Assignment »
Could you repeat exactly the lines from the one containing "this 640×427 image." through the last line of the records, with no pictures?

Stored dataset items »

..............................

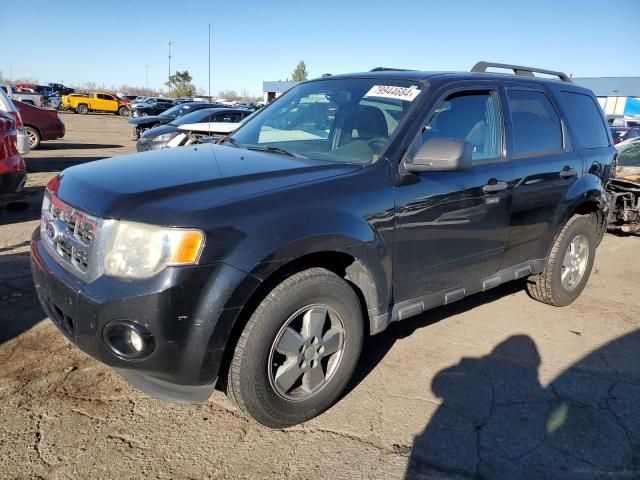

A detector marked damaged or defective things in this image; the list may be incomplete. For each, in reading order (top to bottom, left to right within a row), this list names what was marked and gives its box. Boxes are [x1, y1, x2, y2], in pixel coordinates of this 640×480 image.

cracked asphalt [1, 113, 640, 480]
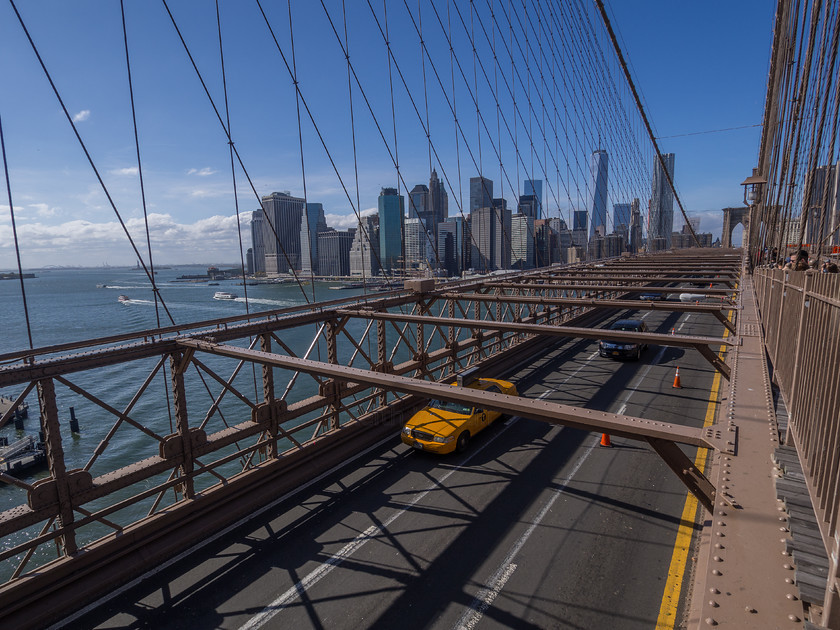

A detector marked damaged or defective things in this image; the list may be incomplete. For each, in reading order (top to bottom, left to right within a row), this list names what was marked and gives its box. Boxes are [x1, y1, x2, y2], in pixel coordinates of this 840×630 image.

rusted steel girder [334, 312, 736, 380]
rusted steel girder [440, 294, 736, 336]
rusted steel girder [176, 340, 728, 512]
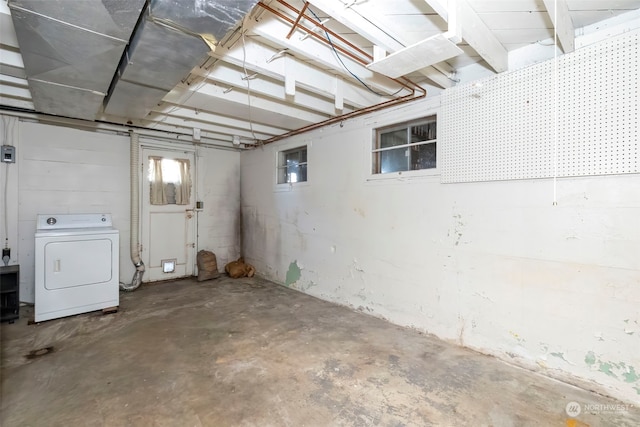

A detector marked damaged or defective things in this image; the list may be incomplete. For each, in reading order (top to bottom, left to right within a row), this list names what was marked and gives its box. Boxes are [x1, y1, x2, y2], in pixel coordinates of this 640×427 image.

peeling paint [284, 260, 302, 288]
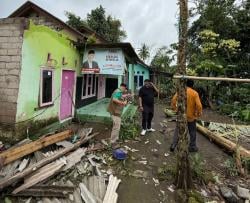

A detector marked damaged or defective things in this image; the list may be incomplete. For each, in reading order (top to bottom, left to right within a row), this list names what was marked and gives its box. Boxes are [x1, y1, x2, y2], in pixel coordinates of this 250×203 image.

broken wooden plank [0, 130, 73, 165]
broken wooden plank [0, 132, 97, 191]
broken wooden plank [197, 123, 250, 159]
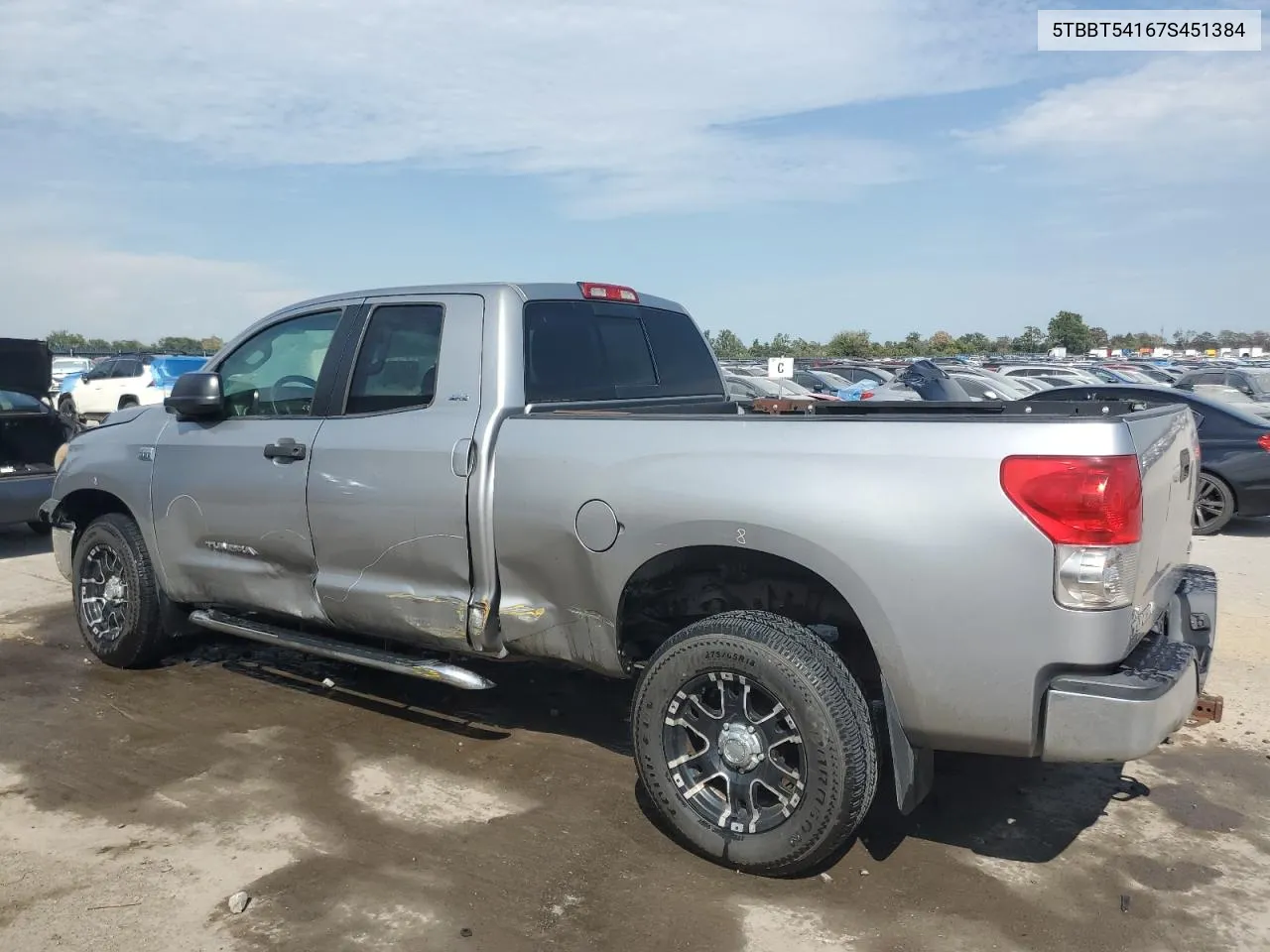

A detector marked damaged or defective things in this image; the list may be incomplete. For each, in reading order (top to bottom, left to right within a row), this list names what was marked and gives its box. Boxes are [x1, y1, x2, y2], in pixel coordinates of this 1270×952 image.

..............................

Exercise solution »
A detector marked damaged or defective things in this image; the list may be incomplete. For each, in reading order (top to bottom, left to right within a row), this list names what was marked and gives its box. Boxes are [x1, y1, x2, y2], in pixel coordinates of this 640×427 image.

peeling paint [284, 260, 302, 288]

A detector marked damaged or defective things in this image; the list may be incomplete. For each, in reading order (top to bottom, left to right within a row), this list names what was marked and gives its box. Boxes are [x1, y1, x2, y2], in pixel coordinates of this 250×203 image.

broken wooden plank [0, 130, 73, 165]
broken wooden plank [0, 132, 97, 191]
broken wooden plank [197, 123, 250, 159]

A detector marked damaged or defective things in this image; the list may be incomplete. For each, in reading order (top to bottom, left to right within a row), this list names what was marked and gives its box. Boxes are [x1, y1, x2, y2], in pixel coordinates of this 1270×952 image.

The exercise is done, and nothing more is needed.